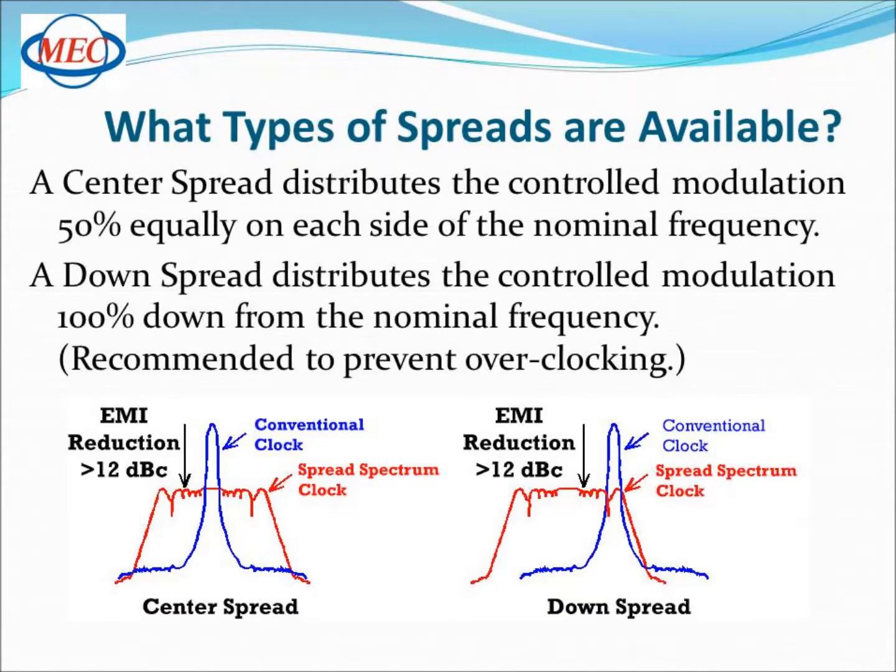There are two different types of spreads available. As shown in the diagrams below, the center spread distributes the control modulation 50% equally on each side of the nominal frequency, while the down spread distributes the control modulation 100% below the nominal frequency.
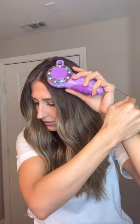Okay, that actually opened pretty easy. Hold the end of the hair strand to ensure that the gem is secure on your hair. Do not move until the gem is secured on the hair strand.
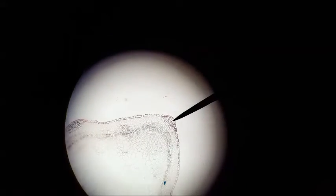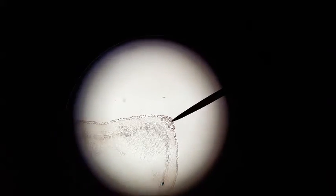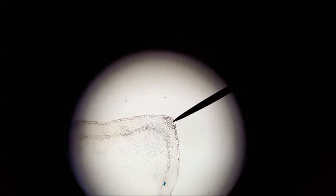On 100x magnification of the alfalfa dicot stem, that reinforced corner is pretty obvious — that is colenchyma. Of course, the outer layer is the epidermis. Thank you very much.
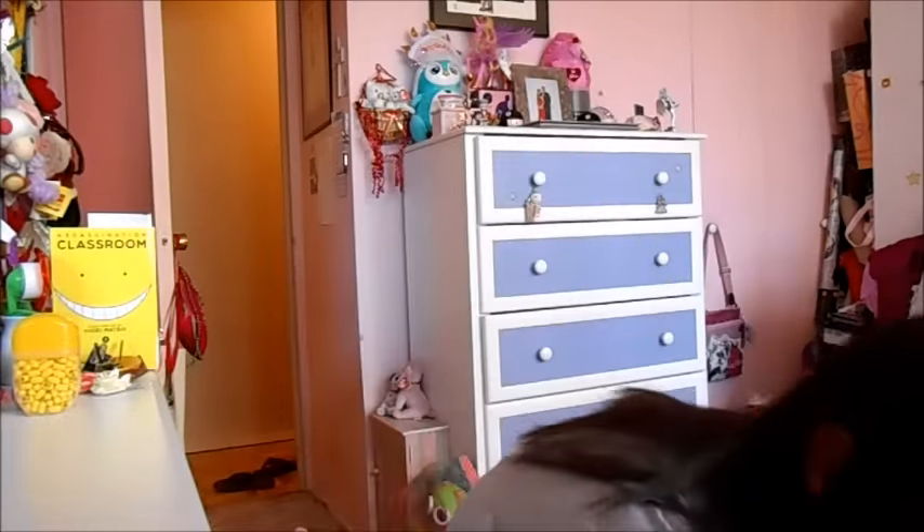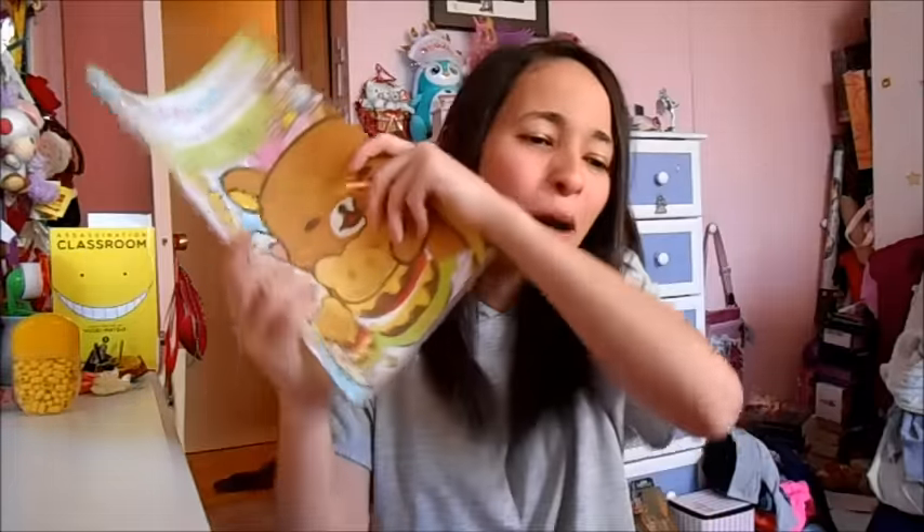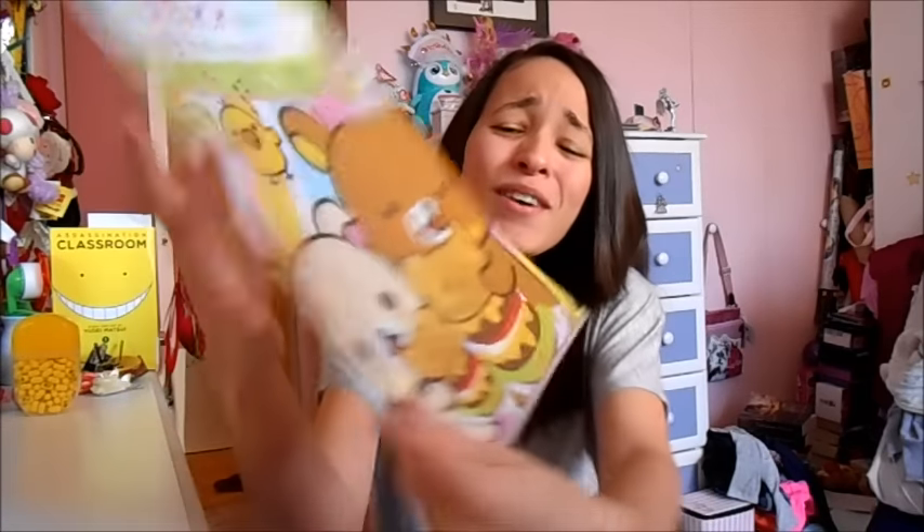I also got a folder. I have an obsession with folders — I have like over 30 of them. They're only $2 at Kino, and I love Rilakkuma, so I got this one. I have a bunch of Rilakkuma folders but I didn't have one where he's eating a hamburger, so I was like, let's get this one. So cute — Rilakkuma eating a hamburger, one of my favorites. Next time I go to Kino, I'm probably going to buy like 10 more folders. I'm not even exaggerating, I love folders.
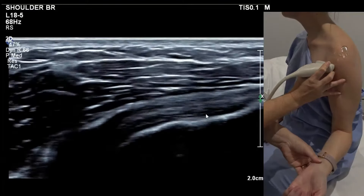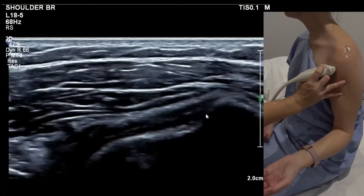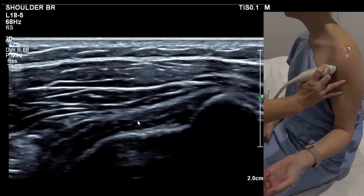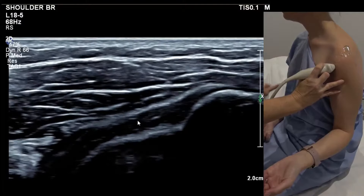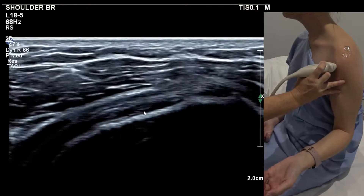You don't want to go so far that it's pointing to 3 or 4 o'clock — the fibres go anisotropic there. The best way to start imaging is to go too low so that you're on a muscular-looking subscap. Start at the very bottom; it's more like an oblique so the medial end points down.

__PROMPT__: Every line from the one containing "On 100x magnification" through the final line of the records above is to be written out exactly; nothing else, and no pictures.

__TASK OUTPUT__:
On 100x magnification of the alfalfa dicot stem, that reinforced corner is pretty obvious — that is colenchyma. Of course, the outer layer is the epidermis. Thank you very much.
I also got a folder. I have an obsession with folders — I have like over 30 of them. They're only $2 at Kino, and I love Rilakkuma, so I got this one. I have a bunch of Rilakkuma folders but I didn't have one where he's eating a hamburger, so I was like, let's get this one. So cute — Rilakkuma eating a hamburger, one of my favorites. Next time I go to Kino, I'm probably going to buy like 10 more folders. I'm not even exaggerating, I love folders.
You don't want to go so far that it's pointing to 3 or 4 o'clock — the fibres go anisotropic there. The best way to start imaging is to go too low so that you're on a muscular-looking subscap. Start at the very bottom; it's more like an oblique so the medial end points down.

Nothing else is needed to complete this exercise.